Additionally, please tell us if there were any additional costs incurred related to the expedition that were not capitalized as Titanic expedition costs, but were rather expensed. In light of the fact that you disclose that the general purpose of the expedition was to collect and interpret scientific data for the long-term protection and management of the Titanic, we would expect that not all of the costs related to the expedition be capitalized as film costs. Please advise or revise accordingly.
PRXI Response: This information has not been included per Rule 83.
Note 4. Non-Controlling Interest
| 6. | | We note from your response to our prior comment 17 that you believe you control this joint venture by virtue of your role in identifying and initially developing costs. We further note that you have revised Note 6 in the Form 10-Q for the quarter ended November 30, 2010 to disclose that other considerations regarding management and advancement of the joint venture have led management to conclude that it has significant control.
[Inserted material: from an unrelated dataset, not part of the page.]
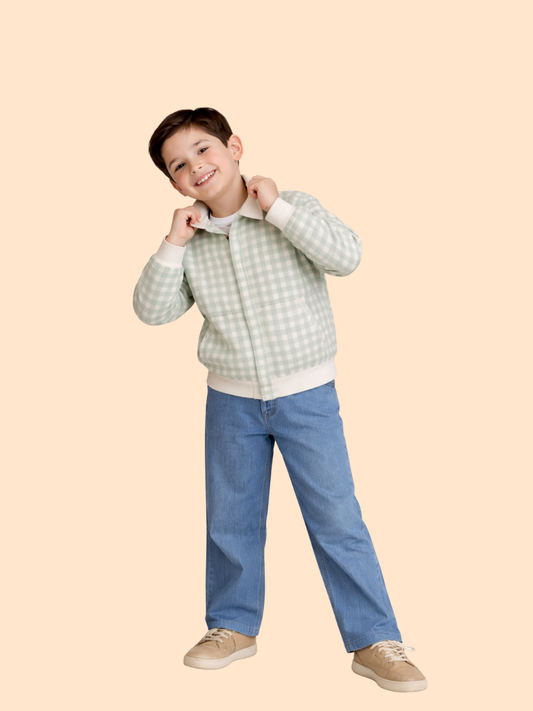 Boys Green Checkered Jacket with Denim Jeans | Stylish Winter Casual Outfit (3-8 Years)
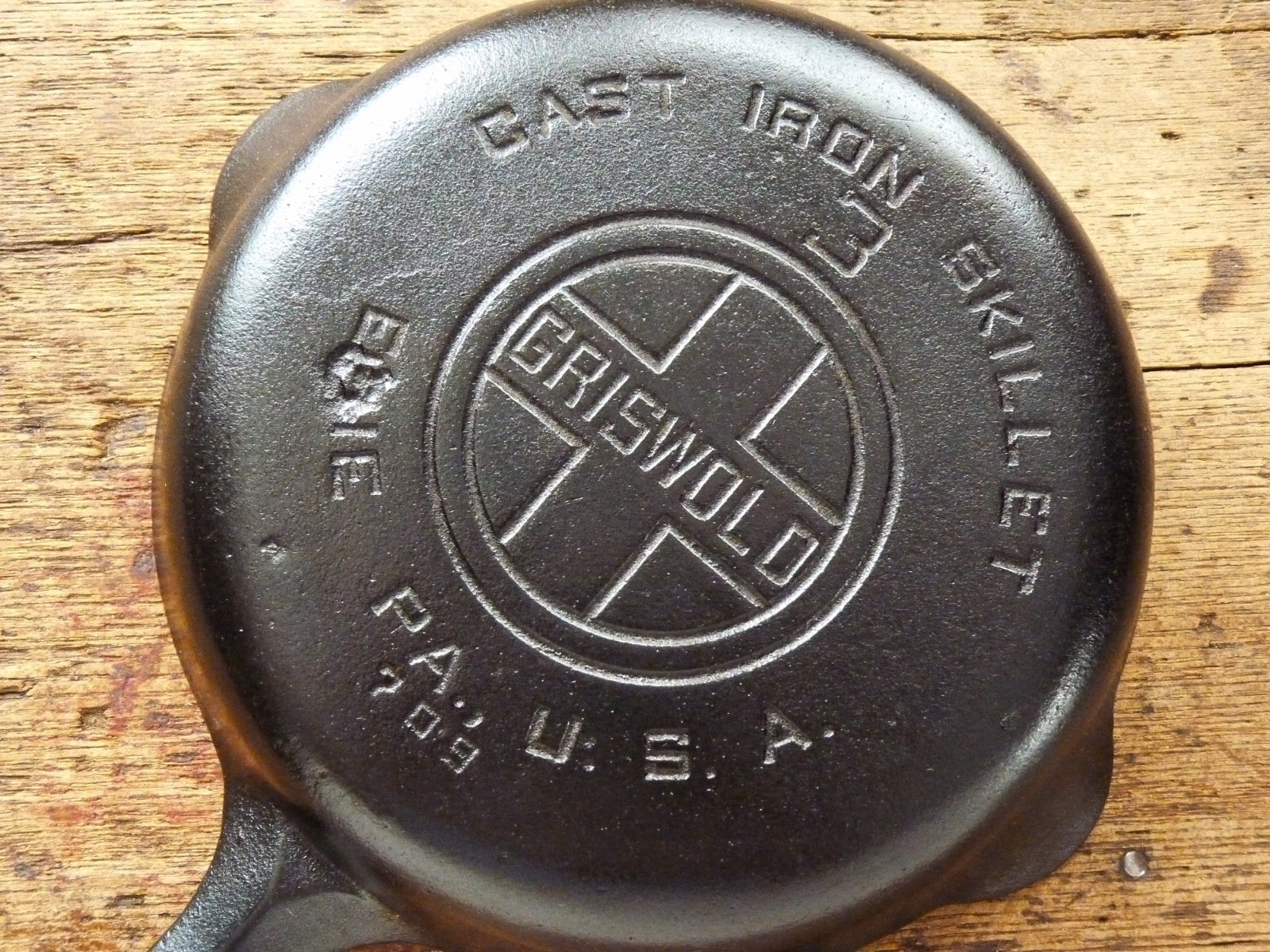 Vintage GRISWOLD Cast Iron SKILLET Frying Pan # 3 LARGE BLOCK LOGO - Ironspoon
However, we do not believe your response or revised disclosure show that you will continue to have a controlling financial interest or majority voting interest in this joint venture. Please refer to ASC 323-30-25 and 810-10-25 and provide us further details of why you believe you appropriately consolidate this entity, or alternatively, please revise to account for this joint venture under the equity method of accounting. |
PRXI Response: As previously noted in our response dated December 14, 2010, we have formed a partnership with S2BN, who brings knowledge and experience in the area of promoting consumer oriented experiences that center on popular culture. Although this venture was formed around initially one project, it is expressly intended to function as a vehicle for other similar concepts and exhibit properties in the future. If significant changes are made to the joint venture terms, participants, or exercisability of the Company’s rights, per ASC 825-10-25-5 the Company will reassess its determination that it has significant control of the joint venture.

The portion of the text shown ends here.